I'm an Assistant Professor in the English Department at the University of Pittsburgh, where I teach courses in literacy, composition and technology. I received my PhD from the Composition & Rhetoric program at the University of Wisconsin-Madison Department of English. My dissertation, From Literacy to Proceduracy: Computer Code Writing in Historical Context, argued that the historical and social perspective of New Literacy Studies can help us understand current contexts for computer programming. I'm currently revising my dissertation into a book.
My research frames computer programming as a kind of literacy. Like textual literacy, the literacy of code-writing (what I call proceduracy) relies on an inscription system that is shaped by technical and social constraints and affordances. I argue that we can understand more about the benefits of and obstacles to the diffusion of proceduracy by looking at the history and practices of textual literacy. My research also explores how intellectual property law, particularly software patent law, impacts computational composition.

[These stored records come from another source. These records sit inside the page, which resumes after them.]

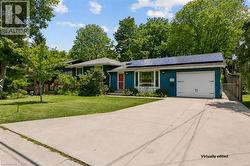77A CREIGHTON Road  Dundas, ON L9H 3B7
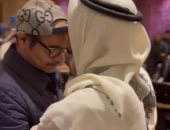 رابح صقر يفاجئ ابنه الوليد بعيد ميلاده وسط السحاب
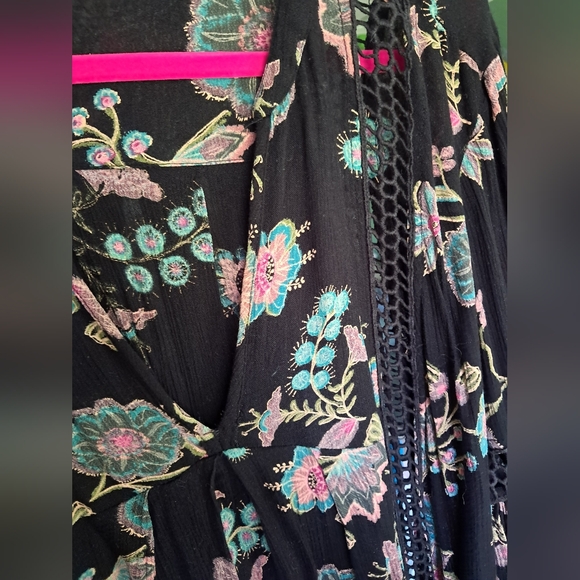 Free People Just the Two of Us Tunic Black Floral Small Crochet Mini - Picture 16 of 16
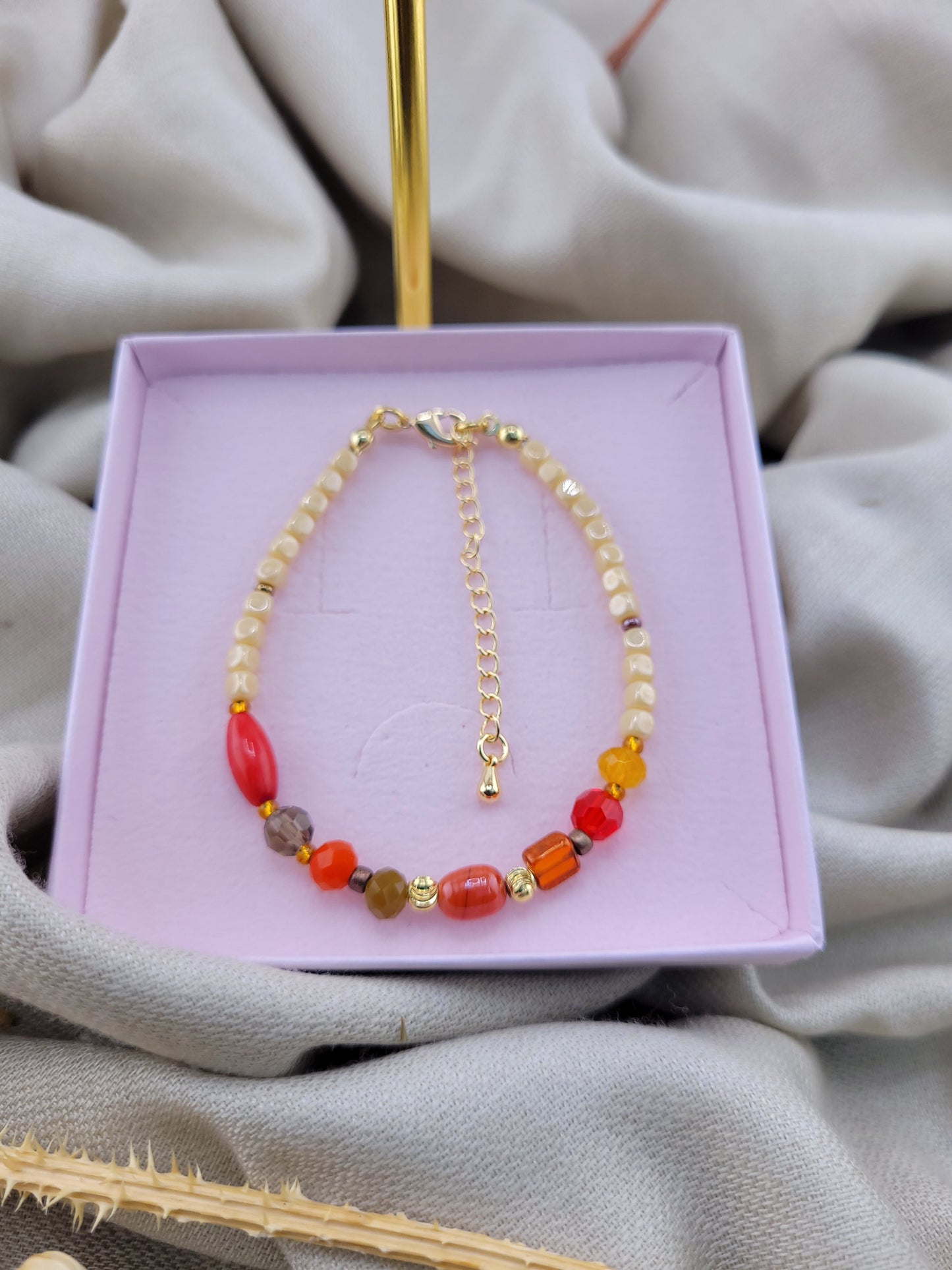 Bracelet en perles de verre rouge Mandurai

My teaching style reflects my research interest in new media writing and online genres. I often use blogs to teach writing. Students also explore composition in images, text, video and sound in projects for my courses.
Before graduate school, I was a high school teacher, a secretary at a commercial game company, and an editor on scientific manuscripts and grants for a psychiatry / neuroscience lab that does sleep research. I continued that editing work in graduate school and have also worked with legal papers and dissertations on particle physics. I like reading about science and technology and I spent a lot of time online.